Working data section start

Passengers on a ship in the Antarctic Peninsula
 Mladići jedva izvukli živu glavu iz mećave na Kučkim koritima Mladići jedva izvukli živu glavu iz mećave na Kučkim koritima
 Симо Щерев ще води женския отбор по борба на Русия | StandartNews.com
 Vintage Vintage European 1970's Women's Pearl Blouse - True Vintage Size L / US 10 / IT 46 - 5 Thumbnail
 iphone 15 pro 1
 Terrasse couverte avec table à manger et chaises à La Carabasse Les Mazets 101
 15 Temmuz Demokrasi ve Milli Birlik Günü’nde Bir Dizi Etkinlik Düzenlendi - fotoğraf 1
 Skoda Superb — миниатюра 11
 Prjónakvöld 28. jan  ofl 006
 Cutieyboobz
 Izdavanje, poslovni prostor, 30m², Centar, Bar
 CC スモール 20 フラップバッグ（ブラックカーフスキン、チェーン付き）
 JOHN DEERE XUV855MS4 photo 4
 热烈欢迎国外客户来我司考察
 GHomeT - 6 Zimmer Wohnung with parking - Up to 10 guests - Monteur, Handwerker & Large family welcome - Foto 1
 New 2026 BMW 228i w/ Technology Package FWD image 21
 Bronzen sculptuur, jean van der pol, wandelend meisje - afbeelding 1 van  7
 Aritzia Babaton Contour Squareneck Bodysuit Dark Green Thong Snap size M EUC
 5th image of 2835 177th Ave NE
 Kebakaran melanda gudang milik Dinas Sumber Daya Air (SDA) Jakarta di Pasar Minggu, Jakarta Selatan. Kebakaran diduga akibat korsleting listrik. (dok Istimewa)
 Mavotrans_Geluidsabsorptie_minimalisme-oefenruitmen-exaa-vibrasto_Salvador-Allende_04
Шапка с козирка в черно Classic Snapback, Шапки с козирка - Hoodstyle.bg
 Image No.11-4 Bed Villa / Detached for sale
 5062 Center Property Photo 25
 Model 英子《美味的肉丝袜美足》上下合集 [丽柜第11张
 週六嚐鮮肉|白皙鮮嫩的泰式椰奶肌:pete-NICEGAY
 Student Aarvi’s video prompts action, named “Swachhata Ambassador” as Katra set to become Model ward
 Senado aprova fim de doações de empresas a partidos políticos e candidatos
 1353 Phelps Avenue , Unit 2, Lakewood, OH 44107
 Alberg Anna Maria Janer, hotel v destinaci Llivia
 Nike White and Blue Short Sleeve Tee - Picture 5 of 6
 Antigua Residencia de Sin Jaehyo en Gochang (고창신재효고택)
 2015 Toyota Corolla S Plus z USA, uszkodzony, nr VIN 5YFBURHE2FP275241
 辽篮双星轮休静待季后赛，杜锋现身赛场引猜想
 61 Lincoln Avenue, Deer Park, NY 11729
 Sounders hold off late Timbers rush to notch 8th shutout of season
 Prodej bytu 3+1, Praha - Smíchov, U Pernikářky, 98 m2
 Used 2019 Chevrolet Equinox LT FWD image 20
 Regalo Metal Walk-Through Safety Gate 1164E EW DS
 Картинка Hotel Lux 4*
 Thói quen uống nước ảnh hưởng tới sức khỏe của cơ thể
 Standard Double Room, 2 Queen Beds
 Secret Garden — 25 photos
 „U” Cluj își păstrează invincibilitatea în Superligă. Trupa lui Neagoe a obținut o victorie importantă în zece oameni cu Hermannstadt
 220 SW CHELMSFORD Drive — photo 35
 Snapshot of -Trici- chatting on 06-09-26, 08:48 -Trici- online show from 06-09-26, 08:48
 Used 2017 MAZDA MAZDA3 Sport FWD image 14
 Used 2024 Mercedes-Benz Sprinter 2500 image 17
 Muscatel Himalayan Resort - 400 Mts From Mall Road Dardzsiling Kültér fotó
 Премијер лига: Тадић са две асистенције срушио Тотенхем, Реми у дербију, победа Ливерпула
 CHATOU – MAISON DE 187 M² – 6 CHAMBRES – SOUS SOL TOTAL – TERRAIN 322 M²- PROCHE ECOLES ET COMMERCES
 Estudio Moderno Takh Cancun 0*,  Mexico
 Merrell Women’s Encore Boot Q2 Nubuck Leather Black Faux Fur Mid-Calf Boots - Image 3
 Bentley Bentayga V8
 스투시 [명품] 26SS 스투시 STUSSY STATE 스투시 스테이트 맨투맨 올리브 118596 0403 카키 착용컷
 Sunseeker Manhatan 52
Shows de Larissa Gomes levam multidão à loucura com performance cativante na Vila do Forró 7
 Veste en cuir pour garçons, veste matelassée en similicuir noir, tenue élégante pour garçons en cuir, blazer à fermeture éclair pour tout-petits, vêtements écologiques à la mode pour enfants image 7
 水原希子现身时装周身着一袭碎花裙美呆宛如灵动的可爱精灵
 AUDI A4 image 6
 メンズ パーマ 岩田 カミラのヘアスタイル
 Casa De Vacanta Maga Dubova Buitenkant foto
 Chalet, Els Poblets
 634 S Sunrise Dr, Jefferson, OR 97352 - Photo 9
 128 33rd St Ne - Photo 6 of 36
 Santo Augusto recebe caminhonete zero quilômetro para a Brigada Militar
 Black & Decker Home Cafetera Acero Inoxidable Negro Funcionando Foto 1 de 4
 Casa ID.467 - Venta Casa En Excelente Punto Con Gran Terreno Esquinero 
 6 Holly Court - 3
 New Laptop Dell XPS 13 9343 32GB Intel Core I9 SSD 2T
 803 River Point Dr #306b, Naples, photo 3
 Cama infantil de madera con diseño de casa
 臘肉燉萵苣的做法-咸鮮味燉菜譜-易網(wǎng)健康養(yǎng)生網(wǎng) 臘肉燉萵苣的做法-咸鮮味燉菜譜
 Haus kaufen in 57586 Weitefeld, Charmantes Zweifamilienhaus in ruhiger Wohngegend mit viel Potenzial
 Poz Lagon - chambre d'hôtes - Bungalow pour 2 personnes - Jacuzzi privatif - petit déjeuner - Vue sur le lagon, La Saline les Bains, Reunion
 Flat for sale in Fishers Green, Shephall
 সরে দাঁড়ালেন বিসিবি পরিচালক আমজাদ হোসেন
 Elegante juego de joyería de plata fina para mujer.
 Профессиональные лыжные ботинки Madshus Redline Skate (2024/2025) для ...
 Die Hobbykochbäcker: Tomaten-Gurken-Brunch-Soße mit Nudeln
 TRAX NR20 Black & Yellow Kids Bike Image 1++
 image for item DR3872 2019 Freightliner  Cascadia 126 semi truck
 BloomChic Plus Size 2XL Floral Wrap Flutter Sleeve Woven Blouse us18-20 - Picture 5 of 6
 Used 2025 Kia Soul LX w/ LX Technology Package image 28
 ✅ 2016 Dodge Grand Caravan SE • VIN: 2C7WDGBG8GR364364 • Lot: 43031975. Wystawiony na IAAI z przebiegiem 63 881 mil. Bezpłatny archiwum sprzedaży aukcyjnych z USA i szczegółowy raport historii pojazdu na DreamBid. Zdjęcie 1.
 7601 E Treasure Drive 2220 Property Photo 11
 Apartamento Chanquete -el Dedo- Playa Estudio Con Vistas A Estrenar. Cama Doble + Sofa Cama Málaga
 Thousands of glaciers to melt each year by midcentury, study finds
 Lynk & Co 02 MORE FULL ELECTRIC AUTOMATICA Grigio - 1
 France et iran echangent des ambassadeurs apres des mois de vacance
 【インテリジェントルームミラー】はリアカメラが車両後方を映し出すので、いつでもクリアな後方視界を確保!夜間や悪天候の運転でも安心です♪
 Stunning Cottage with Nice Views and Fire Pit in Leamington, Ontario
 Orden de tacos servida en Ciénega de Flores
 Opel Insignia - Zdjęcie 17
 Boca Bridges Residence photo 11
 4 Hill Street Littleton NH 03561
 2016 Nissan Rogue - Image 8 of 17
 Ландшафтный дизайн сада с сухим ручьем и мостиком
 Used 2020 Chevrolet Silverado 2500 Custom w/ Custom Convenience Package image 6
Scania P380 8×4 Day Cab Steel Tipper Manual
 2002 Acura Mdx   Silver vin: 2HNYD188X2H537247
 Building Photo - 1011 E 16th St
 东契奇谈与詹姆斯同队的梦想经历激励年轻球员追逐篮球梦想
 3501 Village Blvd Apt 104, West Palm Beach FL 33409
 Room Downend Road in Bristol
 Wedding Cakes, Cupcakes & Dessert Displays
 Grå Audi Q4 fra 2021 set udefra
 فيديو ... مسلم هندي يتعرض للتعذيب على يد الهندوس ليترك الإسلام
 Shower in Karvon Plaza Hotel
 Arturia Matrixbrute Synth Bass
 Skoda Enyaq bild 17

Working data section end

- [Assigned task] Check how many lines in the entries contain "Property", and reply with that number alone.

- [Written answer] 2